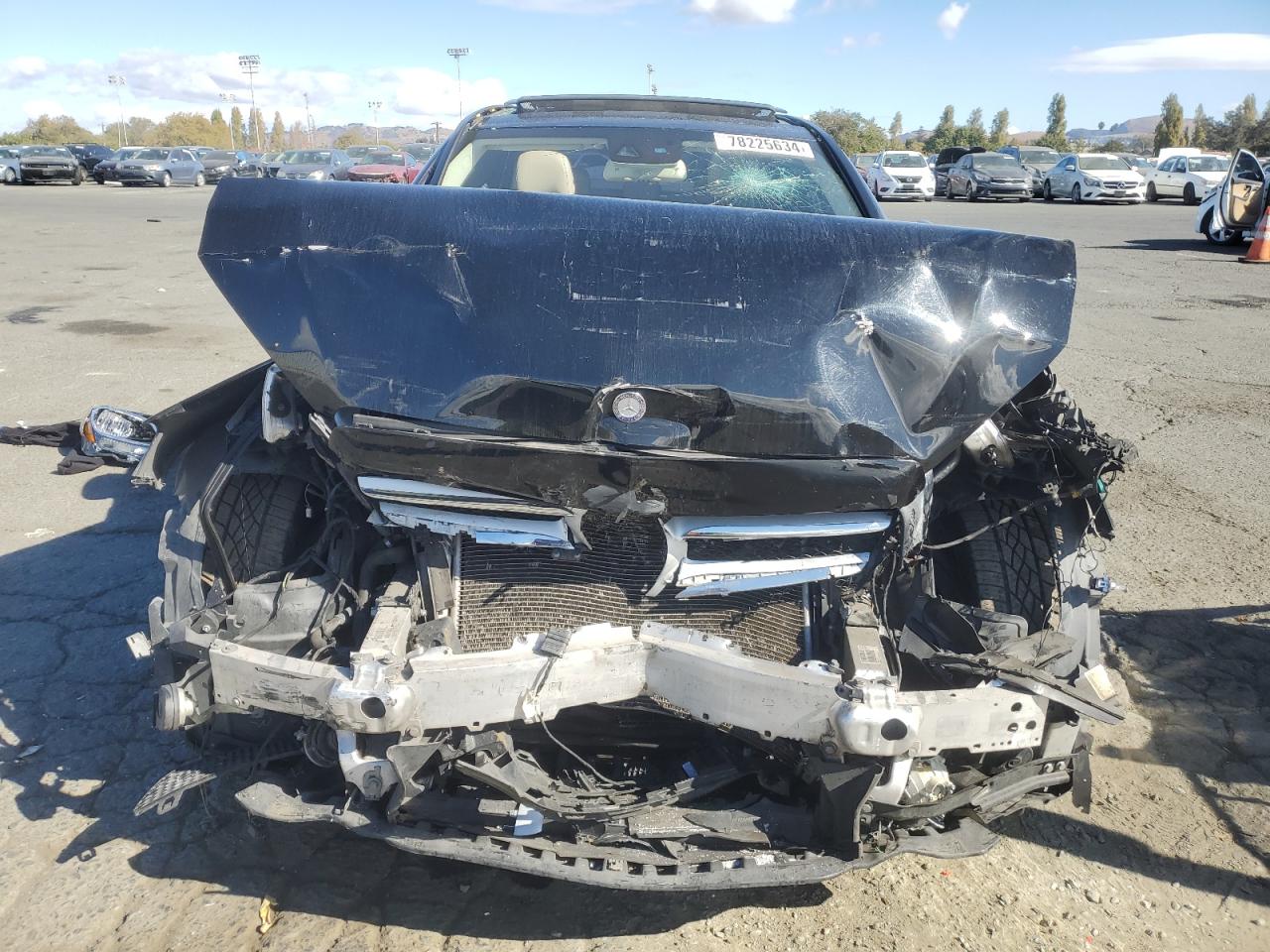 2016 Mercedes-Benz C-klasse VIN 55SWF4JB3GU159945 Copart auction photo, front end damage thumbnail 5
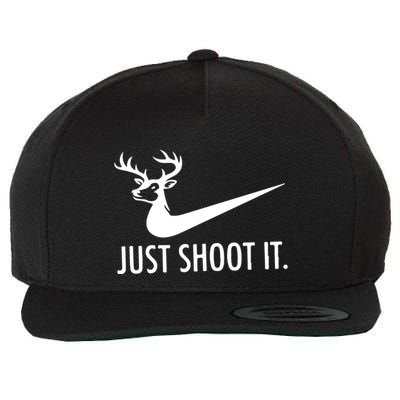 Just Shoot It Deer Hunting Wool Snapback Cap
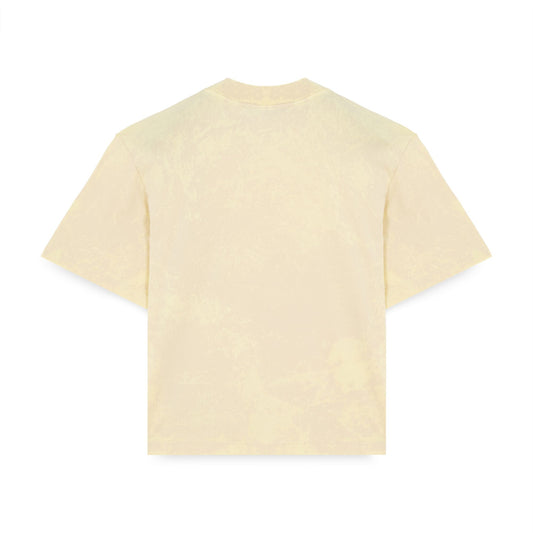 IUTER - Label Marble T-Shirt Cream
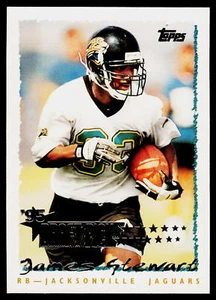 James Stewart, 1995 Topps, #429, Jacksonville Jaguars, RC - Picture 1 of 2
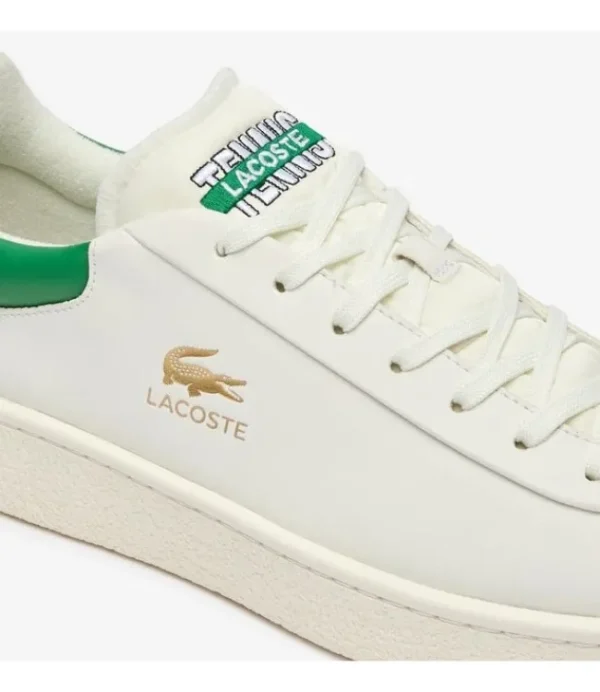 Heren De Ridder schoenen Lacoste 747SMA0040082 baseshot PRM 124 1 SMA wht/grn 3161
══════════
An exact transcription of the data above is needed, without the pictures.

Answer box:
 2016 Mercedes-Benz C-klasse VIN 55SWF4JB3GU159945 Copart auction photo, front end damage thumbnail 5
 Just Shoot It Deer Hunting Wool Snapback Cap
 IUTER - Label Marble T-Shirt Cream
 James Stewart, 1995 Topps, #429, Jacksonville Jaguars, RC - Picture 1 of 2
 Heren De Ridder schoenen Lacoste 747SMA0040082 baseshot PRM 124 1 SMA wht/grn 3161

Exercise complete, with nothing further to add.